Retailers around the globe know that ordering the right mix of sizes is a critical component to a profitable organization and directly affects a customer’s ongoing loyalty. A customer who enters your store with the intent to buy and leaves empty-handed because you did not have his or her size stocked is not only a lost sale, but a potential lost customer. The same is true for a customer shopping on your e-commerce site who is unable to “add to cart” due to a particular size being unavailable.
While technologies that enable “endless aisle” and ship-from-store fulfillment are helping retailers to save the sale and deliver a better brand experience, the first and most profitable line of defense is to get sizes right in the first place – something that is easier said than done.
The majority of retailers today will attest to the sheer complexity of sizing. In a recent Apparel webinar we tackled this topic head on. I was joined by Debbie McCarthy, VP of Merchandise Systems Support at Destination XL and Greg Girard, Program Director, Merchandise Strategies at IDC.
During the webinar – now available on demand – we discussed several sizing challenges including inconsistencies in sizing, the sheer volume of data that must be analyzed to create size curves, and other inherent challenges in creating size curves that align to local demand.
What we looked to address during the webinar – and what many of you are working to address at your organizations is the answer to the question: How does a merchant capture true size demand to more accurately buy and allocate product?
During the webinar, we introduced two new analytic tools that can examine massive amounts of data, and convert that data into actionable intelligence, while capturing true demand to help retailers tackle the size curve and corresponding pre-packs.
Localized Demand that’s a Perfect Fit: The Aptos Size Curve Solution
Aptos’ best-in-class Size Curve application performs advanced size analytics to drive increase business, help create the best size curve locally, and increase efficiencies within the size analytics. With the Aptos solution retailers can more accurately capture demand to:
- Increase sales, gross margins and GMROI by size and inventory turn velocity
- Decrease inventory levels, stockouts and lost sales
- Increase customer service levels and enhance shopper loyalty
The Aptos Size Curve application thoroughly processes and cleans historical data, performs size analytics based on true customer demand, and optimizes the product mix to best meet customers’ needs. As well, the application offers an outlier detection process that gets rid of anomalies across stores.
Data Drives Downstream Optimization: The Aptos Size Pack Recommender
Once a retailer has an optimal localized size curve, the next critical step is to extend that data to the downstream system and begin building “eaches” or pre-packs, optimized for each retail store.
Some retailers choose to build pre-packs based on the following factors:
- Better efficiency in the supply chain of products to stores
- Less manual handling of the product
- More cost savings vs. buying “eaches” or single pieces of inventory
- Simplify the allocation of products
Most retail organizations typically use the size curve data to efficiently decide how to buy a pack and in what quantities. For example, is it better to buy pre-packs in quantities of 6, 12 or 18? For many retailers the question then becomes “how do I accurately calculate which pack to buy and why?”

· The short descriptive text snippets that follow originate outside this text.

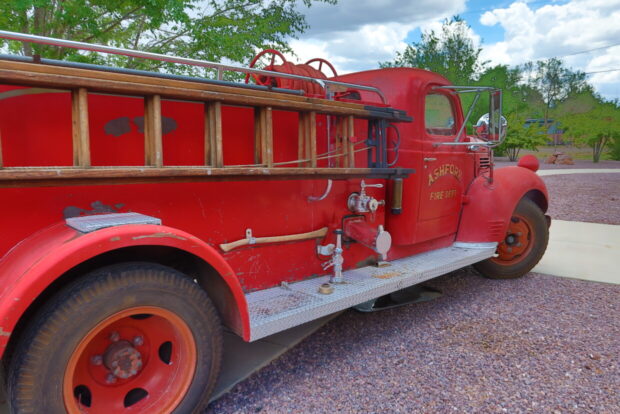Ash Fork Route 66 Museum Arizona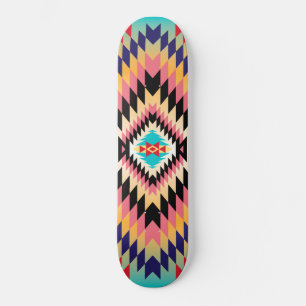 Skateboard Placa Navajo Design-7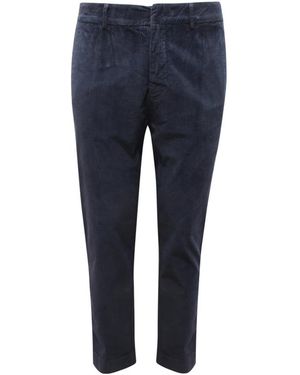 Brooksfield Chinos - Blue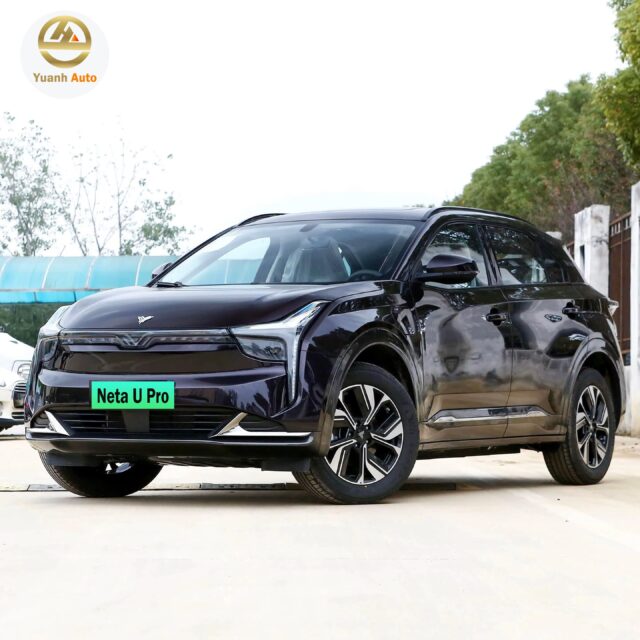 Neta u pro vehicle photo 1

The Size Pack Recommender application from Aptos allows retailers to create the optimal packs for their orders based on purchasing and allocation cycles in order to properly deliver to the stores a vast assortment of styles, colors and, of course, sizes. This ultimately minimizes the number of items a retailer has to sell at markdown prices while maximizing sales within regular price products. The tool makes it easier to derive optimal pre-packs locally, a decision that might otherwise be left to the vendor based on what has always been done historically. The Size Pack Recommender application allows pre-packs to be based on the customers’ needs.
Size Curves and Size Packs: Set Yourself Up for Customer Satisfaction
Better size curves and size packs – seemingly small decisions when compared to “larger” and more consumer-facing IT investments – can have an enormous impact on a retailer’s bottom line as well as other ripple effects throughout the retail organization. The failure to address localized sizing demand can have retailers run the risk of not seeing the true demand, ultimately ordering the wrong packs for the wrong stores and never being able to catch up from months and seasons of overstocks and markdowns.
The best response when a customer asks, “Do you have my size?” will always be YES. Set your retail organization up for success to ensure that customers’ sizes are available by putting the power of analytics to work for your business – and your shoppers!